Other version differences between Pokémon Scarlet and Violet
Exclusive Pokémon are not the only version differences you’ll find in Pokémon Scarlet and Violet, although it is understandably the one that players will care most strongly about.
Koraidon or Miraidon
The big difference between the two versions of any Pokémon generation is the box legendaries, and in Gen 9 the Legendary Pokémon are Koraidon and Miraidon.
You'll get the respective one at the start of the game, and is used to glide, swim, climb and dash around the game.
The Scarlet Book and the Violet Book
Beyond the main exclusive Pokémon that you'll find out and about, as per Pokémon tradition, there is a new version-exculsive item, the Scarlet Book and the Violet Book that will help you track down a version-exclusive Pokémon.
These Pokémon are Great Tusk in Scarlet and Iron Treads in Violet. These names are notably non-Pokémon-y, so whether they become the Category and they reveal their actual names upon encounter remains to be seen!
According to pokemon.com, the Scarlet Book “describes how this savage monster [Great Tusk] attacked the expedition team with its large body and tusks, mortally wounding one of the explorers.”
Meanwhile, the Violet Book tells how “it is said that when this monster [Iron Treads] curls its body and rolls to attack, it leaves a trail gouged into the ground, as if it had scorched the earth.”
Beyond the Pokémon themselves, the biggest difference is the Pokémon professor you’ll befriend – you’ll meet Professor Sada in Pokémon Scarlet and Professor Turo in Pokémon Violet. This is the first time that the two versions in a given generation have different professors.
Both professors are researching the lore of the Paldea region, but their choice of clothing is quite different.
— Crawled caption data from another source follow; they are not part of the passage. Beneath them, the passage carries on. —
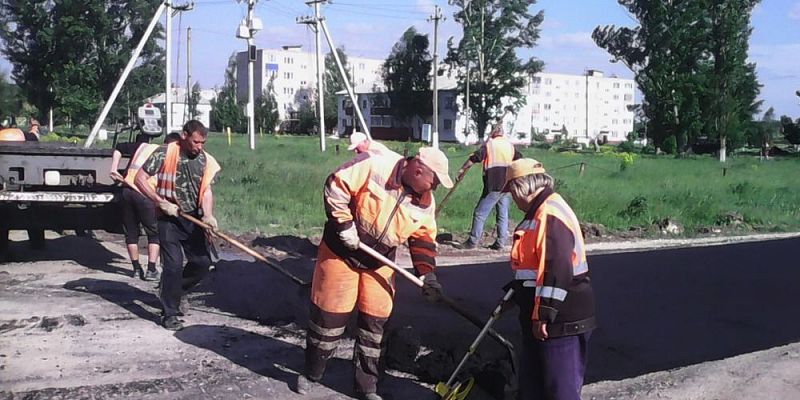 В этом году в Ливнах обещают отремонтировать 8 участков дорог 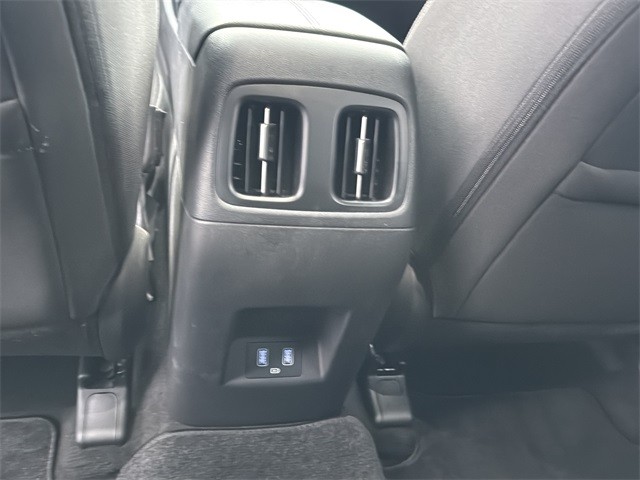 Hyundai Tucson Vehicle Full-screen Gallery Image 18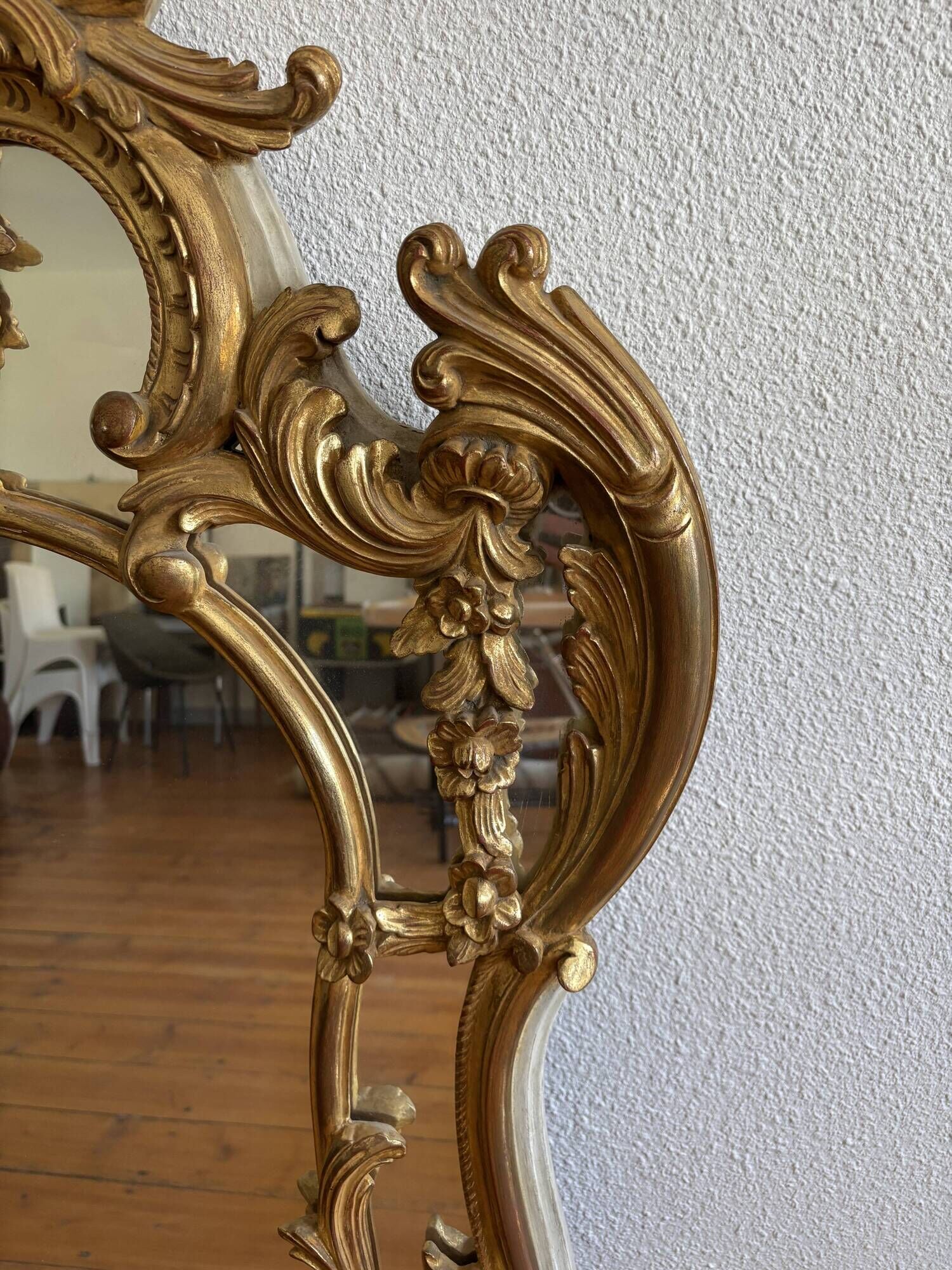 Large gold mirror in Louis XV style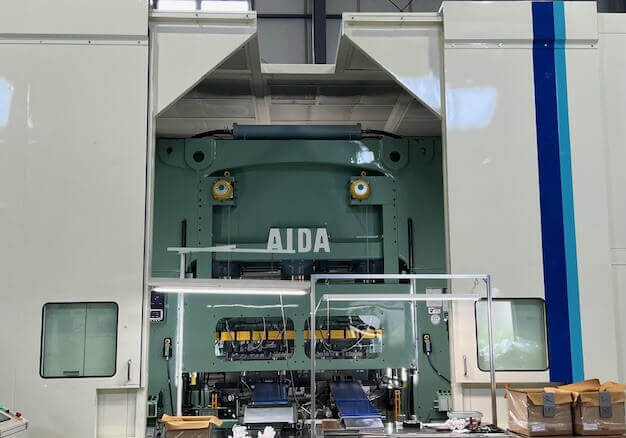 高速プレス機械　モーターコア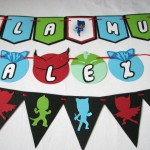 banner la multi ani, litere, articole-de-petrecere-eroi-in-pijamale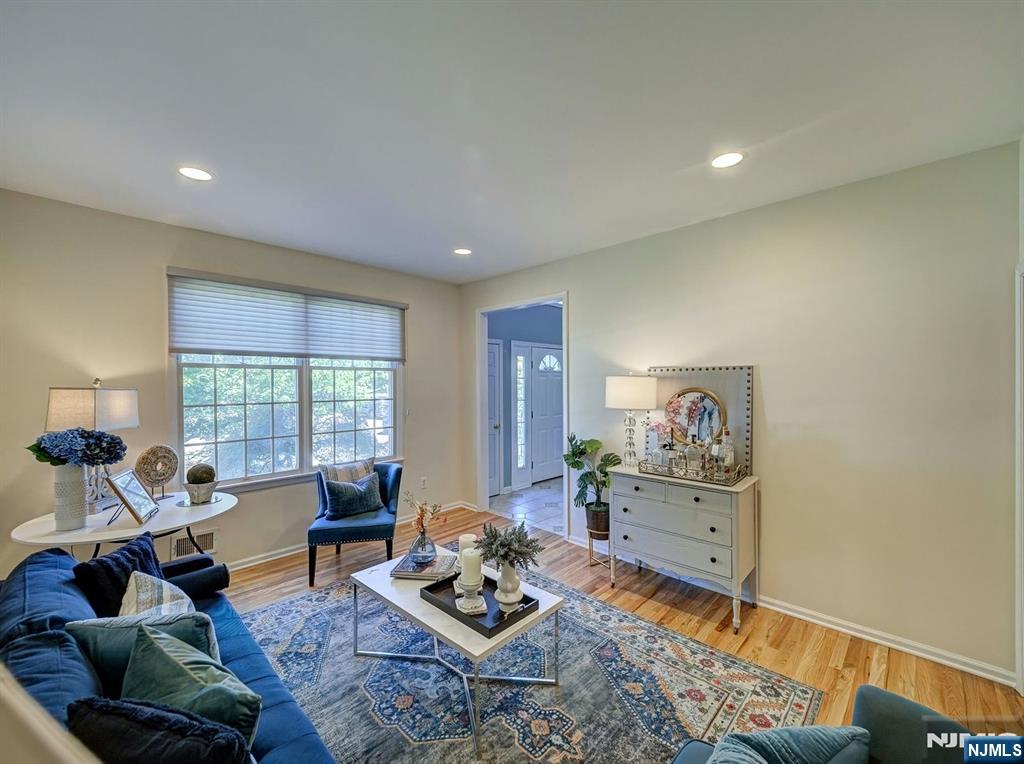 6 McCune Court — photo 9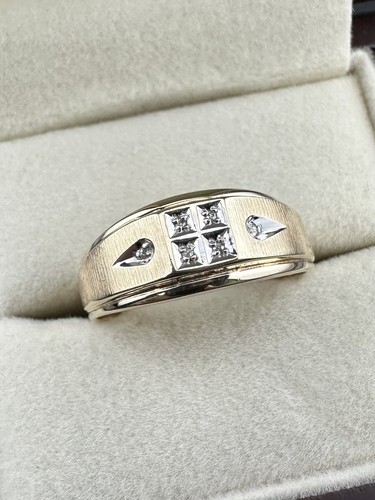10k yellow gold - yellow, diamond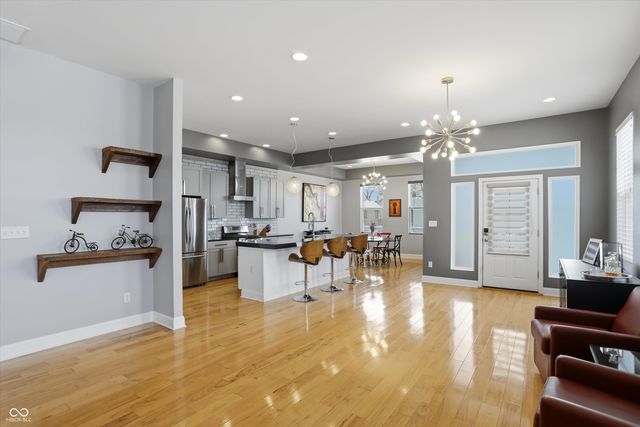 902 Woodlawn Avenue, Indianapolis, IN 46203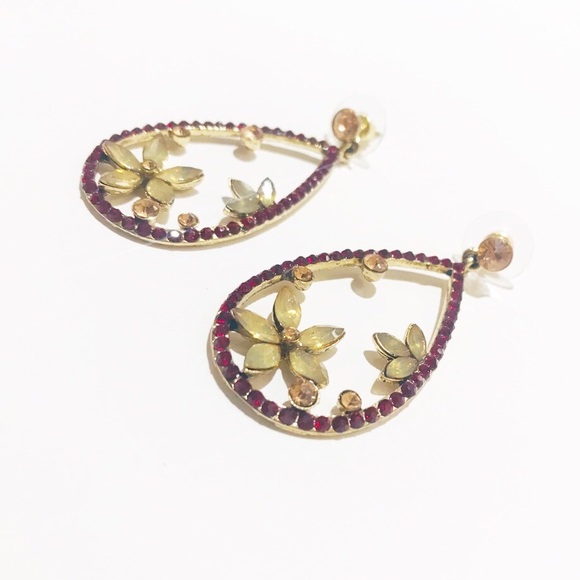 Unique red and gold floral dangling earrings - Picture 3 of 7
Sada favours a prehistoric look, with a fur trim on her lab coat, and Turo wears a futuristic jumpsuit, which looks like it was inspired by Tron Legacy.
These clothing choices reflect how both game’s are themed are a different period of time; for Pokémon Scarlet, it’s the past, and, for Violet, the future.
Certain details about the Pokémon Academy you attend will also differ depending on the version you’re playing. Amongst these differences includes the emblem, the uniforms and the name – either Naranja Academy or Uva Academy. The polyglots among you will have already spotted that these are the Spanish for 'orange' and 'grape' respectively.
Even Calvell, the academy’s director, will have a different coloured uniform depending on which version you’re playing!
The art released as part of the game’s marketing shows contrasting uniforms for your Trainer, too, with orange in Scarlet and purple in Violet; however, most Pokémon games these days allow you to change your outfit. How this plays out in this generation remains to be seen.
Have fun during Pokémon Scarlet and Violet!